Ingin ditingkatkan dalam fokus yang lebih dan tentu pertumbuhan yang membuat pelaku usaha merasa akan yakin untuk berkembang. Kedatangnan covid telah memecah konsentrasi itu. Hampir 30% orang akan berpikir menunggu dan melihat. Selain berupaya untuk mengumpulkan cash sebagai antisipasi dalam mengahadapi ancaman kedepan. Akan tetapi memutus domisili akan berdampak benar-benar buruk pada bisnis jika dalam jangka panjang tidak diarahkan untuk membangun pertumbuhan usaha.

Domisili Sebagai Basis Bertahan

Hal pertama yang paling penting dipertahankan adalah domisili, apa yang membedakan kantor dan domisili?. Domisili adalah lokasi usaha anda.Dimana kita sering memperkenalkan usaha kita kepada calon klien. Untuk tujuan membangun reputasi, kepastian dan keyakinan kepada para pihak yang menjadi mitra bisnis dan calon konsumen. Demi tujuan tersebut, para pemilik usaha biasanya menggunakan domisili sebagai basis reputasi. Mungkin saja kantor tidak disana, tapi ketika verifikasi datang demi membangun ekosistim bisnis dengan menghadirkan informasi yang akurat kepada klien untuk menyatakan kebenaran perusahaan. Adalah kesalahan fatal jika sebuah entitas kehilangan verifikasi domisili dilapangan. Yang akan berujung pada hilangnya reputasi dan investasi basis konsumen yang membuat usaha dan nilai usaha bisa merugi scara nilai bisnis.

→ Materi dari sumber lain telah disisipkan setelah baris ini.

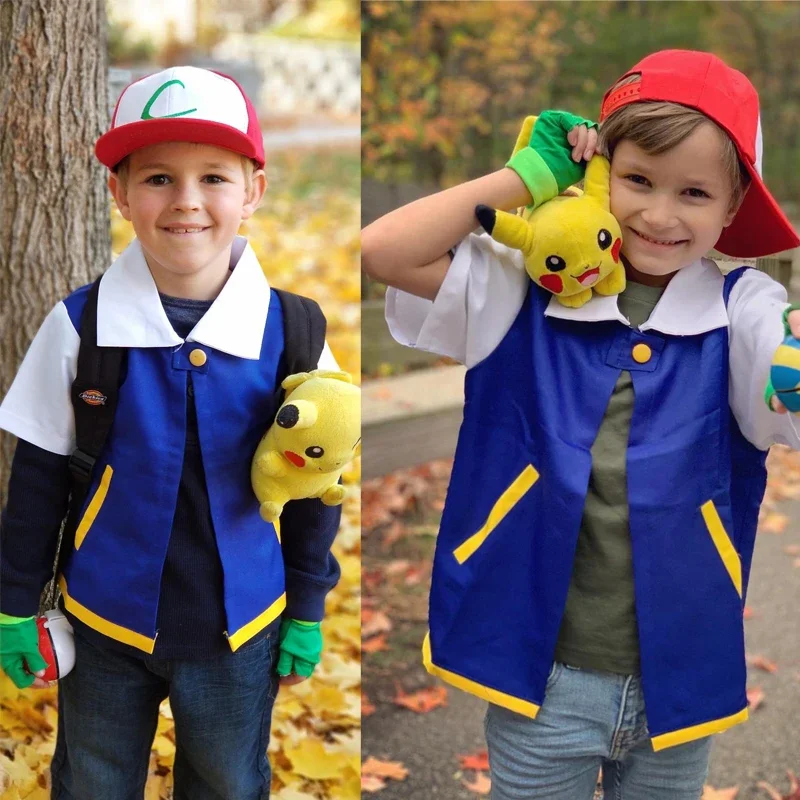 Ash Ketchum Anime Trainer Traje para Homens e Mulheres, Jaqueta Azul, Conjuntos de Boné e Luvas, Cosplay Adulto, Festa de Halloween, Meninos, Meninas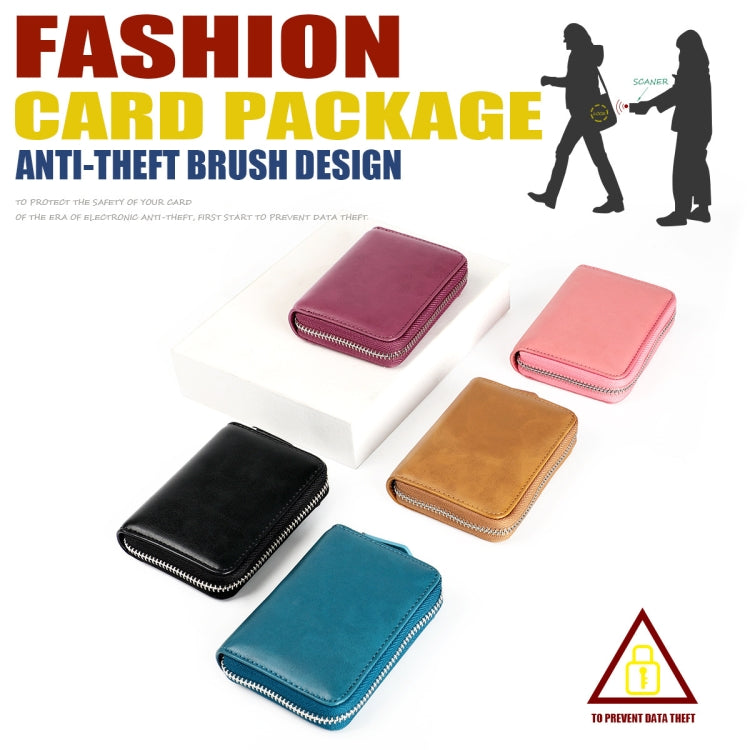 RFID Anti-theft Zipper Leather Coin Purse Coin Storage Bag(Purple) - free shipping - PMC TechLife - Order now!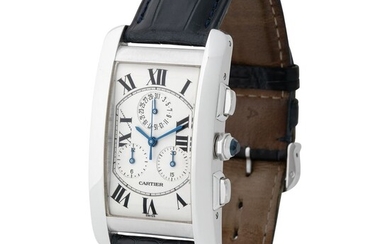 Cartier. Fine and Elegant Tank Americaine Rectangular-Shape Chronograph Wristwatch in White Gold, With Silver Roman Numbers Dial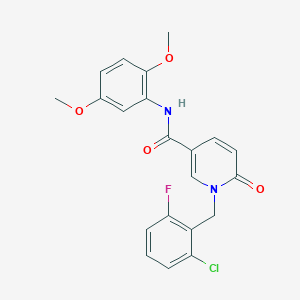 molecular formula C21H18ClFN2O4 B6547302 1-[(2-chloro-6-fluorophenyl)methyl]-N-(2,5-dimethoxyphenyl)-6-oxo-1,6-dihydropyridine-3-carboxamide CAS No. 946310-18-5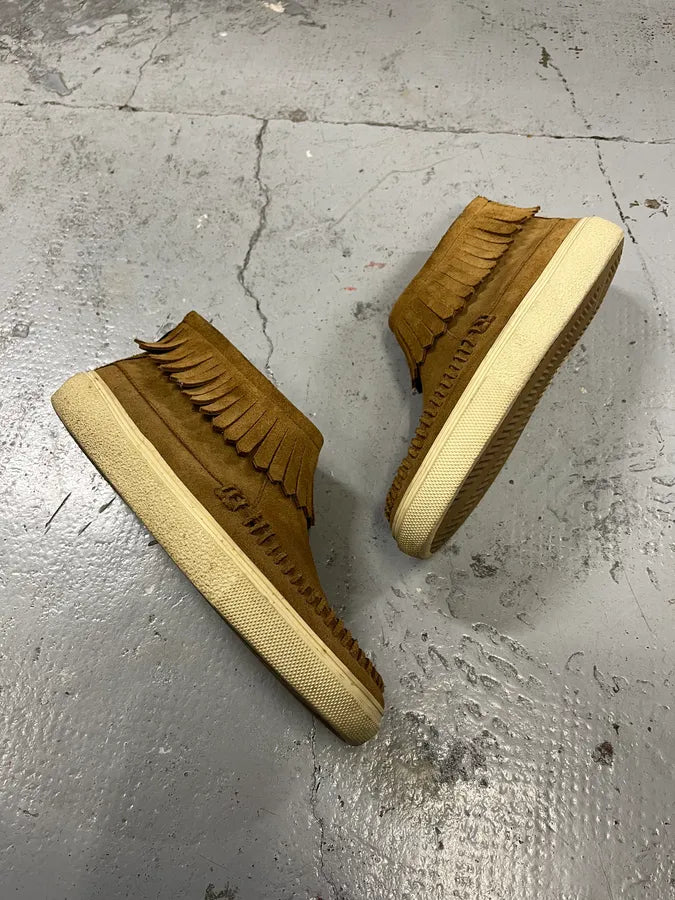 Saint Laurent Beige Fringe Suede Leather Shoes CIaUVVC 1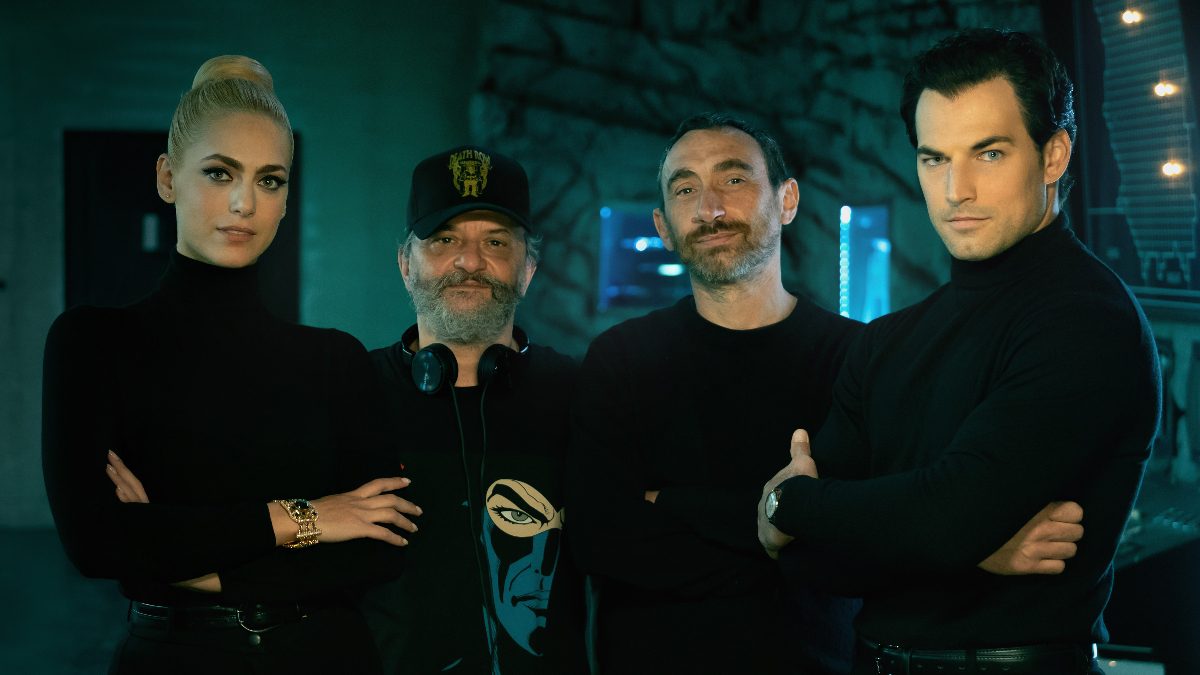 Miriam Leone, Marco Manetti, Antonio Manetti e Giacomo Gianniotti sul set di Diabolik, chi sei?. (Foto di Nicole Manetti)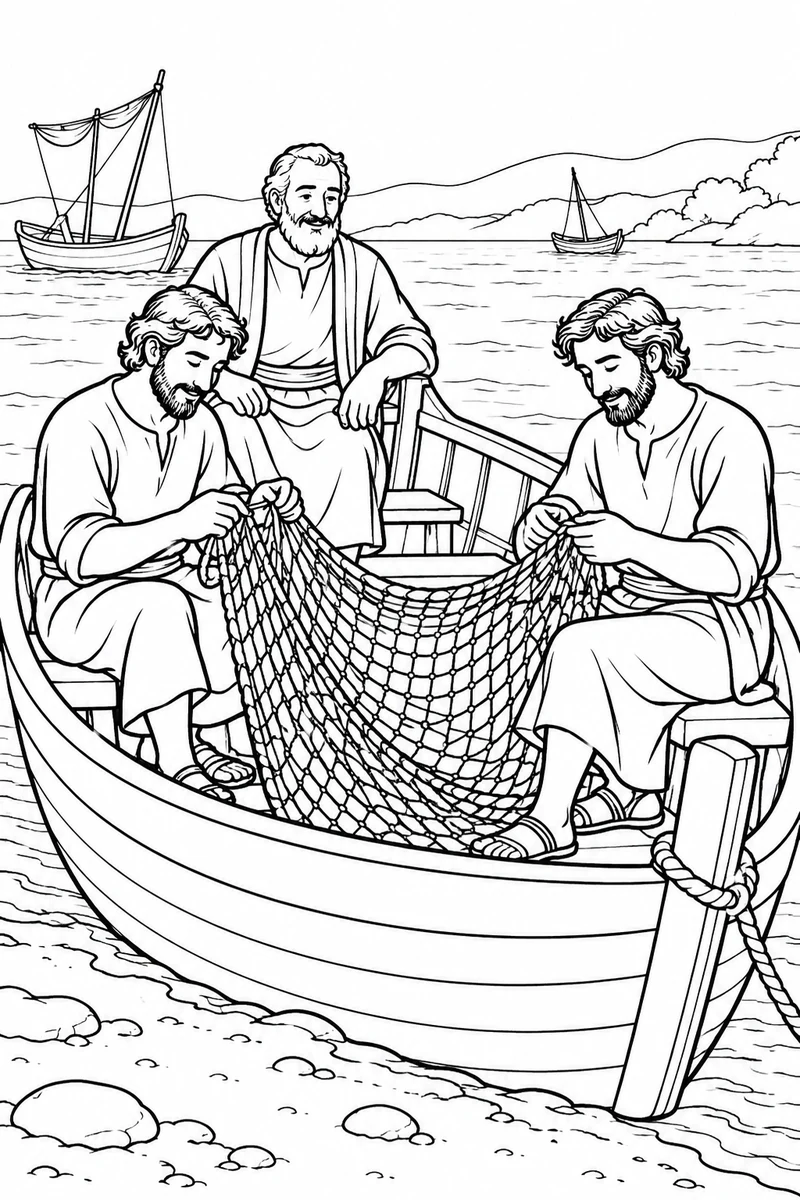 James and John mend their nets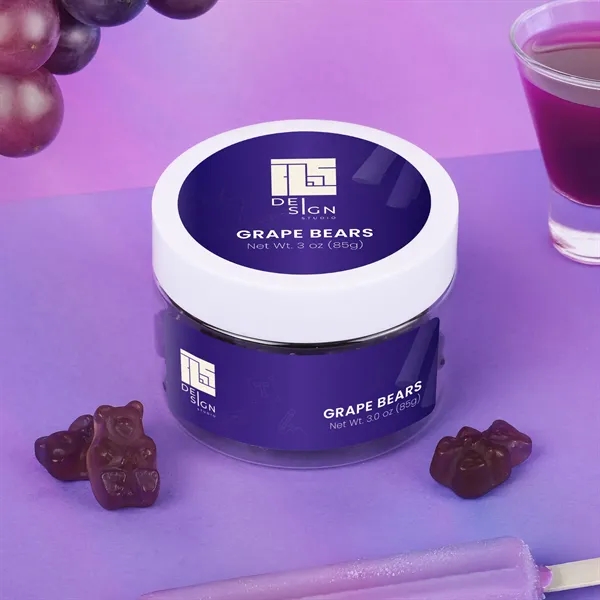 Purple grape-flavored gummy bears in a 3 oz small jar.... from ASI 61966 HPG / SugarSpot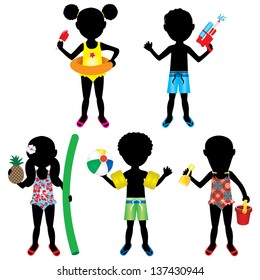 Vector Illustration of 5 different summer kids dressed for beach or pool.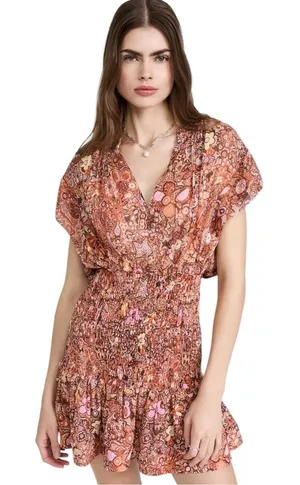 ALC Frank Carly Smocked Print 100% Silk Mini Dress Sorbet Floral Multicolor Size 6 thumbnail 1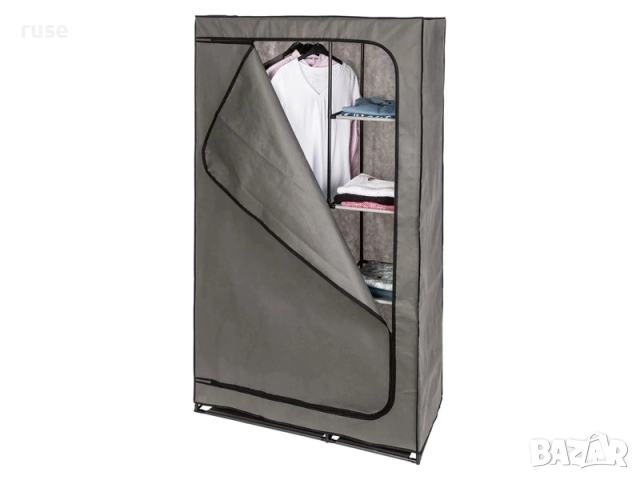 НОВ! Текстилен гардероб с лост и рафтове 174х100х46см сив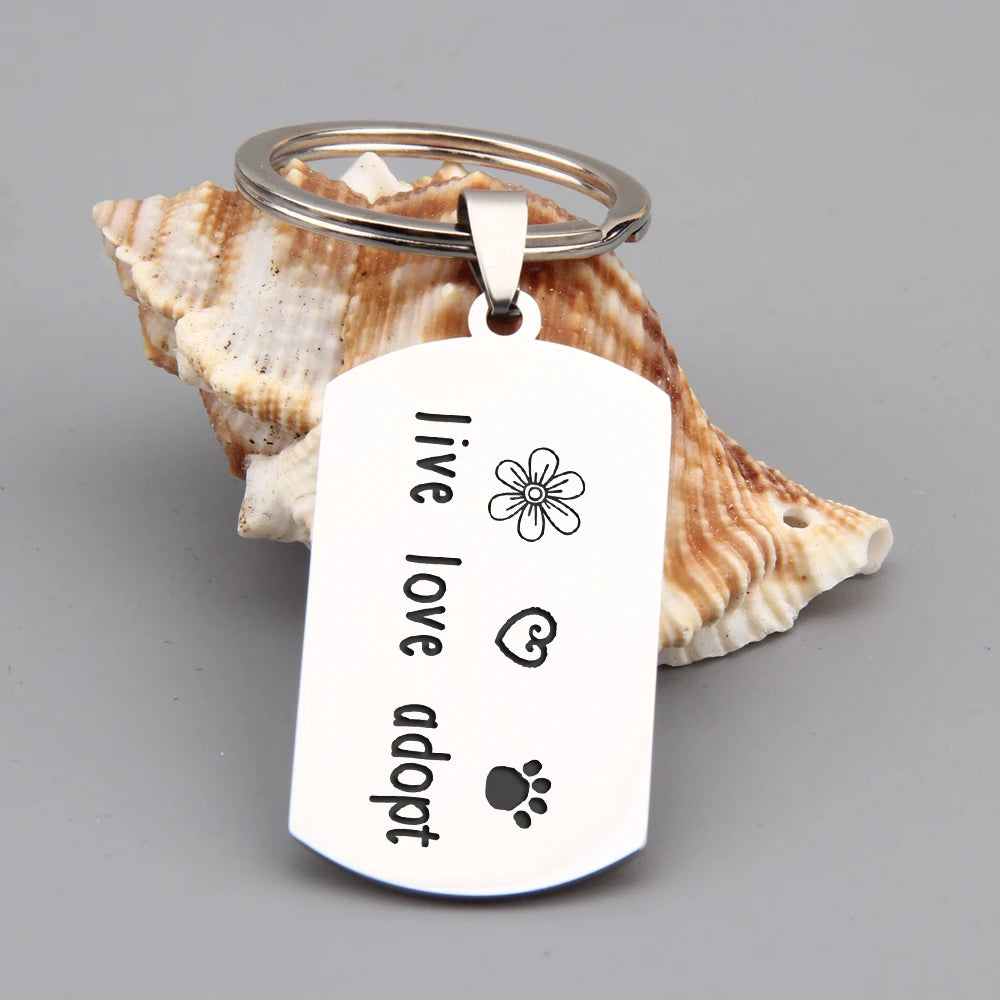 FLYANGEL Engraved Keychain Car Key Tag Live Love Adopt High Key Holder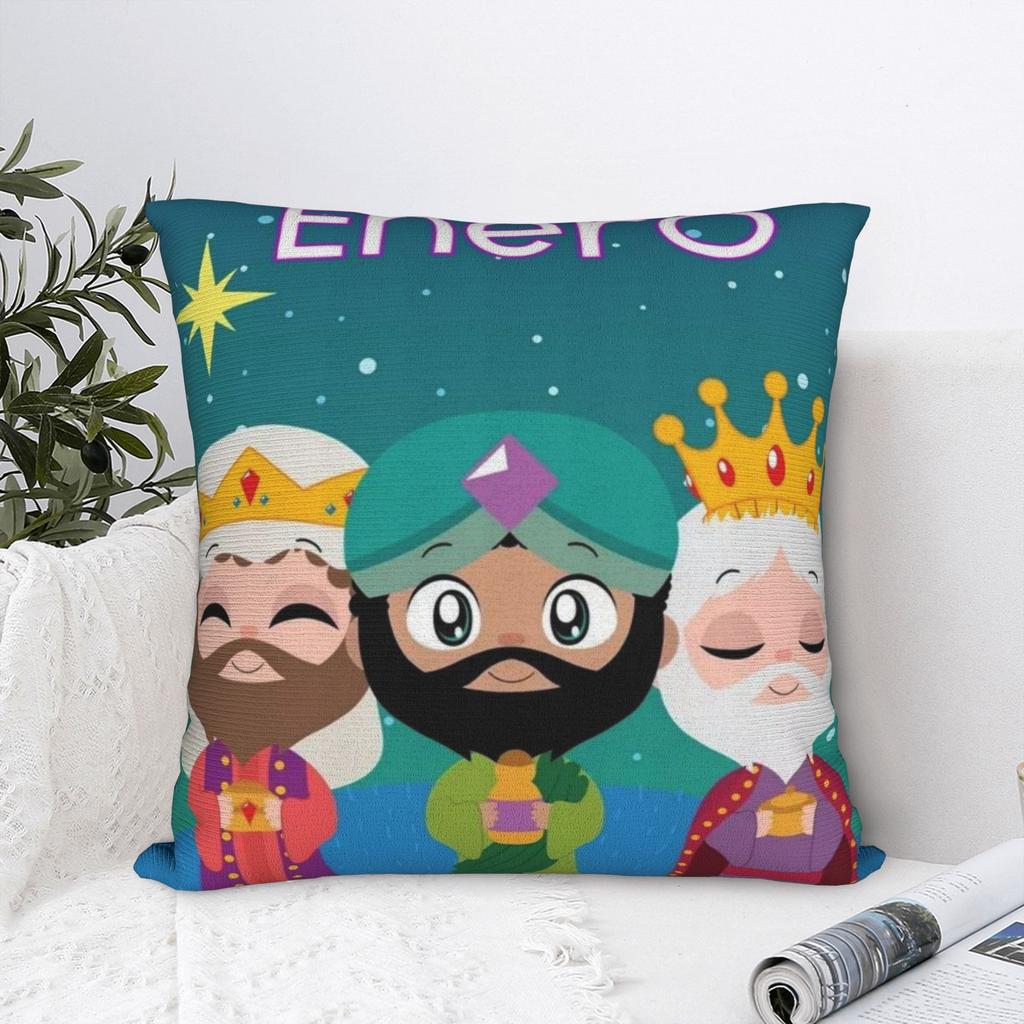 Día de los Reyes Magos Epifanía Three kings Pillow Cover Printed Cushion Cover Decor Throw Pillow Case Cover Home Multiple Sizes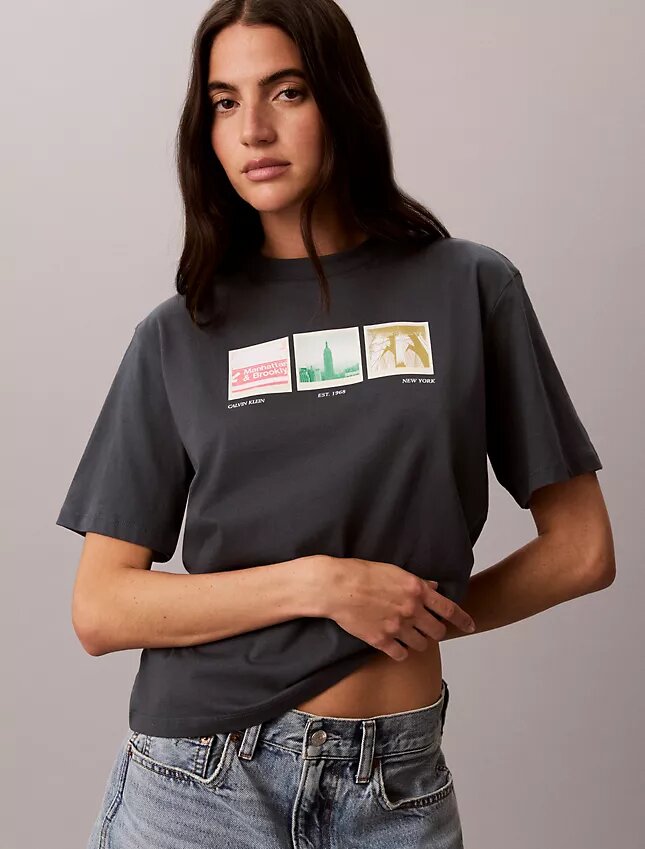 Camiseta holgada con gráfico de tiras fotográficas de Nueva York Camiseta holgada con gráfico de tiras fotográficas de Nueva York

Dan dalam praktiknya kehilangan transaksi real dari bisnis dilapangan. Lalu petanyaannya mungkinkah mempertahankan reputasi usaha dengan cukup mengguakan domisili. jawabannya tentu mungkin. Dan bagaimana caranya?.Jawaban ini sebenarnya sudah terlihat ketika pembaca mengunjungi website ini. Salah satu fokus kami adalah memberikan legitimasi hukum dan sosial sertak marketing, kepada entitas usaha yang patuh dan sejalah dengan perudangan dan hukum di Indonesia. Sebagai penyedia virtual office yang menjadi pokok layanan kami ketika calon tenant butuh dukungan untuk bertumbuh dengan memberikan dorongan atau pengakuan akan keberdaaan mereka sebagai penyewa. Kehadiran Expresoo virutal office adalah penopang demi masa depan usaha ukm dan umkm di tangerang selatan. Menggap domili usaha tidak memiliki nilai ekonomis akan membuat usaha anda kehilangan reputasi. Dan memulai reputas lagi dari nol.

Komentar ditutup.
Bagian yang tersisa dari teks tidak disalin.